Sollte sich das Mietobjekt in beiderseitigem Einvernehmen in einem einwandfreien Zustand befinden und entsprechend vertragsgemäß übergeben worden sein, so sollte dies in dem Wohnungsübergabeprotokoll ebenfalls Erwähnung finden. Gleichermaßen verhält es sich mit Absprachen, die im Zusammenhang mit einer etwaigen Mängelbeseitigung bzw. Renovierung getroffen wurden.
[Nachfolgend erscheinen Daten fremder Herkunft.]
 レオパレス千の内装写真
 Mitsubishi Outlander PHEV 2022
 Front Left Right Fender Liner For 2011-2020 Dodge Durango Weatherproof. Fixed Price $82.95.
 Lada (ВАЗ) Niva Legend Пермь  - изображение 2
Das Wohnungsübergabeprotokoll sollte sich nach Möglichkeit auf jeden einzelnen Raum beziehen und dementsprechend in dem Protokoll auch so aufgeführt werden. Ist beispielsweise das Wohnzimmer vollkommen in Ordnung aber das Schlafzimmer weist Mängel auf, so sollte dies in dem Protokoll auch so beschrieben sein. Es ist ebenfalls überaus wichtig, dass die vorhandenen Mängel sowie die entsprechend erforderlichen Maßnahmen so genau wie nur irgend möglich aufgeführt werden. Dies erspart sowohl dem Vermieter als auch dem Mieter zu einem späteren Zeitpunkt sehr viel Ärger, der nicht selten durch ein Gerichtsverfahren geregelt werden muss. Der Gang zu einem erfahrenen Rechtsanwalt ist in derartigen Fällen dringend angezeigt.
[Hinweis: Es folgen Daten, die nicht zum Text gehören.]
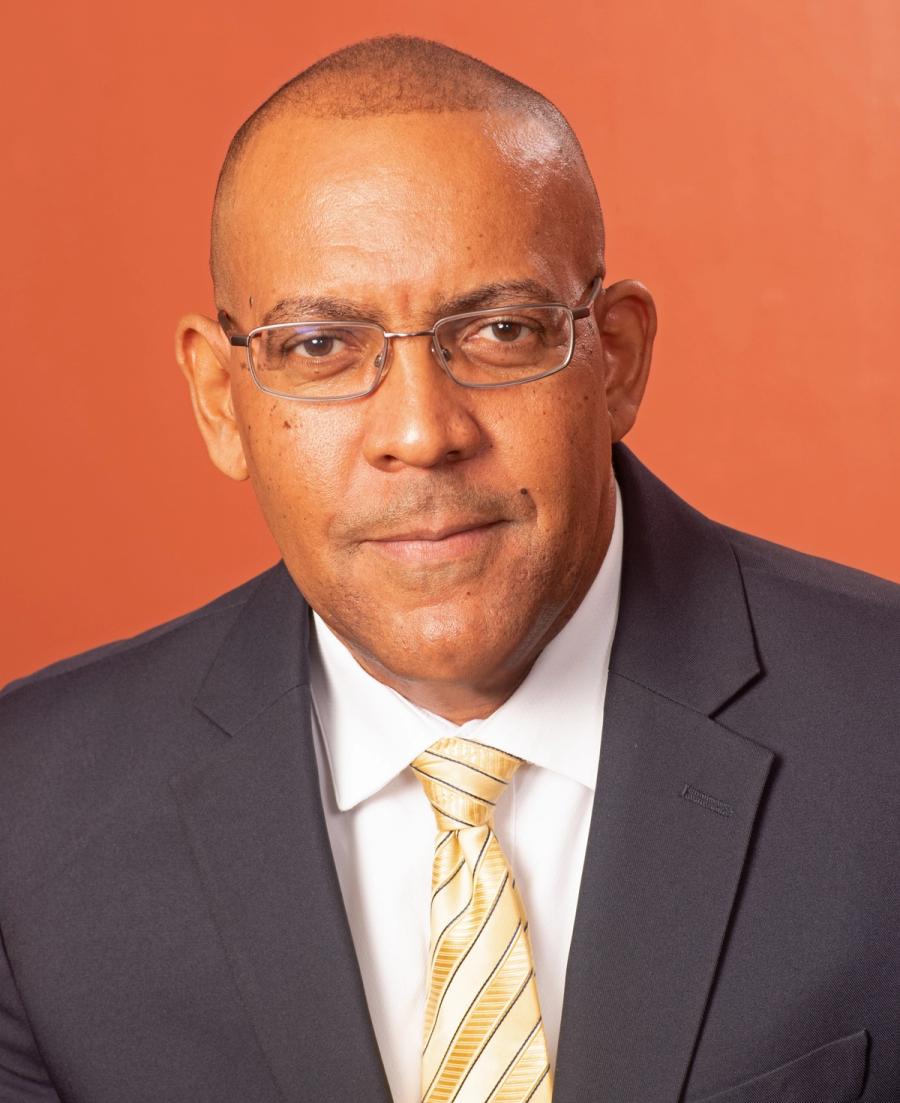 The Honourable Kerrie D. Symmonds, M.P.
Ist das Wohnungsübergabeprotokoll sorgsam und einvernehmlich ausgefüllt worden unterschreiben sowohl der Vermieter als auch der Mieter gleichermaßen das Protokoll und beide Parteien erhalten jeweils ein Exemplar. Dieses Formular gilt somit als anerkannt und ist entsprechend rechtlich bindend. Hierbei sollten beide Parteien sehr viel Aufmerksamkeit an den Tag legen, denn durch die Unterschrift entsteht – falls noch weitergehende Maßnahmen der Mängelbeseitigung erforderlich werden – eine bindende Vereinbarung zwischen den beiden Parteien. Nicht selten kommt es jedoch vor, dass eine entsprechende Unterschrift auf dem Protokoll vorschnell oder gar unbedacht erfolgt. Dies führt dann letztlich dazu, dass sich der Mieter sowie auch der Vermieter am Ende etwaig gerichtlich mit der Angelegenheit auseinandersetzen müssen.